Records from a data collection
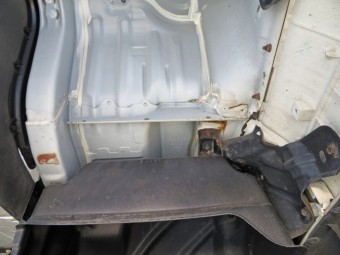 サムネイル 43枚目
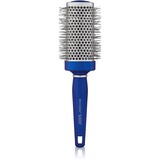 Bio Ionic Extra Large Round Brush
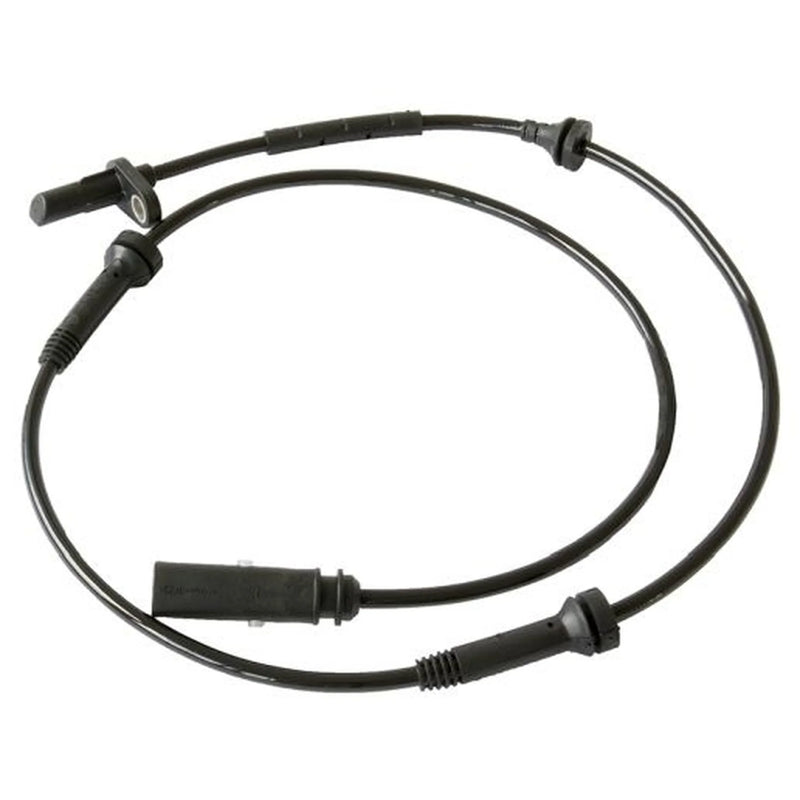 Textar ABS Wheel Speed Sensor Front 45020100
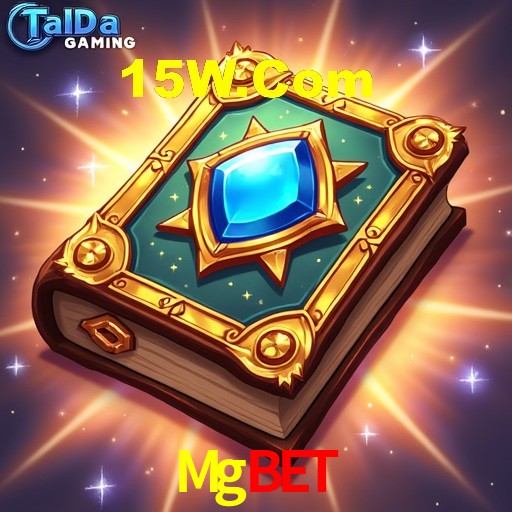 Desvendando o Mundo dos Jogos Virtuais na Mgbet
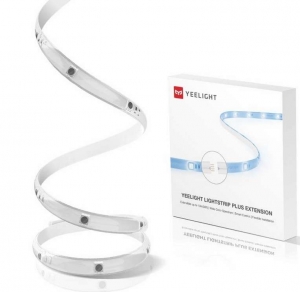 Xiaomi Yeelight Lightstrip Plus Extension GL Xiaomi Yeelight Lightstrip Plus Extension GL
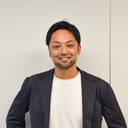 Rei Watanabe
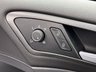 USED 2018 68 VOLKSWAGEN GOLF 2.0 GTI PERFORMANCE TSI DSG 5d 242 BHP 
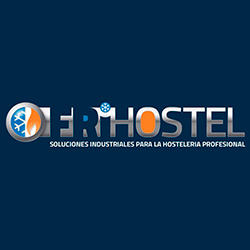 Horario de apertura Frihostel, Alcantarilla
==
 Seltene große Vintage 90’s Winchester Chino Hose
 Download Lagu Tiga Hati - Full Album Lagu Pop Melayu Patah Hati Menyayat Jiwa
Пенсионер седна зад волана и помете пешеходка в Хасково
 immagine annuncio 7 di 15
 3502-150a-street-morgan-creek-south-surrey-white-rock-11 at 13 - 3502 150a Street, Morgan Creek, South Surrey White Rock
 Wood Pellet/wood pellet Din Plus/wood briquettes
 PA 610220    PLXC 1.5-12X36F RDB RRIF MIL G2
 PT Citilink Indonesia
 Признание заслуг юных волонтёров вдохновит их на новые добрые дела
--
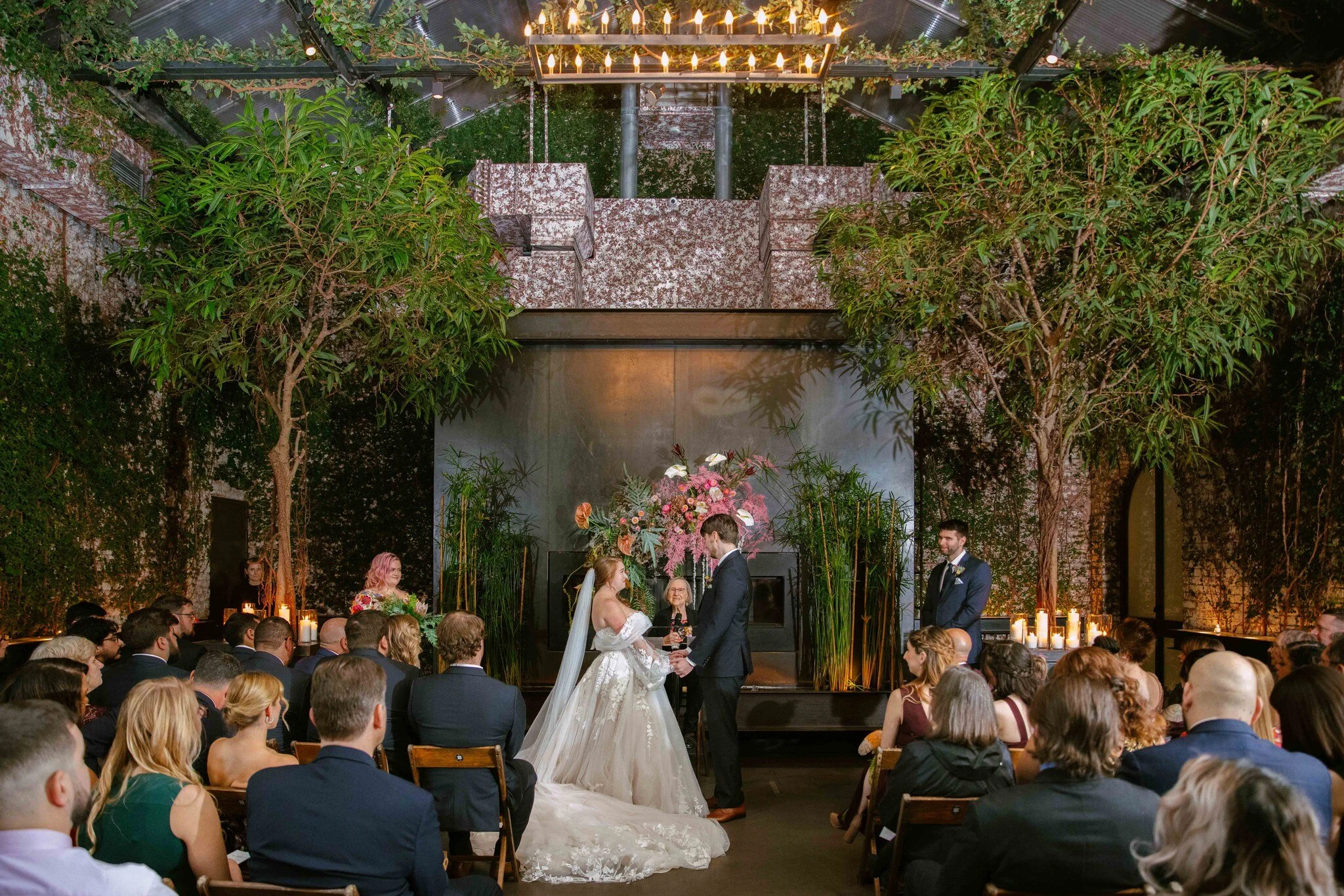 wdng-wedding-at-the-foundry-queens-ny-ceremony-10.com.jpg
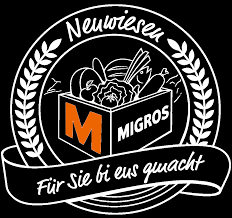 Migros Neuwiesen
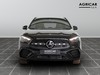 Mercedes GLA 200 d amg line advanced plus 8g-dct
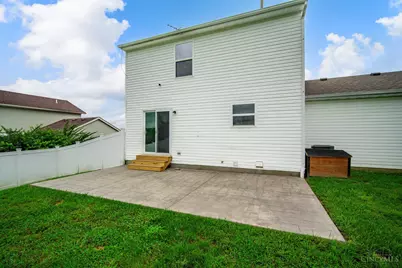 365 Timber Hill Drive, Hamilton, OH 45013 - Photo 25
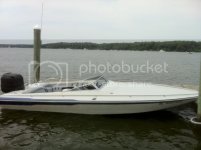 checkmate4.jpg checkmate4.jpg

Exercise brief: Drop the pictures; return the lines above from the line containing "USED 2018 68" to the line containing "Horario de apertura Frihostel, Alcantarilla", both included, exactly.

Written solution:
 USED 2018 68 VOLKSWAGEN GOLF 2.0 GTI PERFORMANCE TSI DSG 5d 242 BHP 
 Horario de apertura Frihostel, Alcantarilla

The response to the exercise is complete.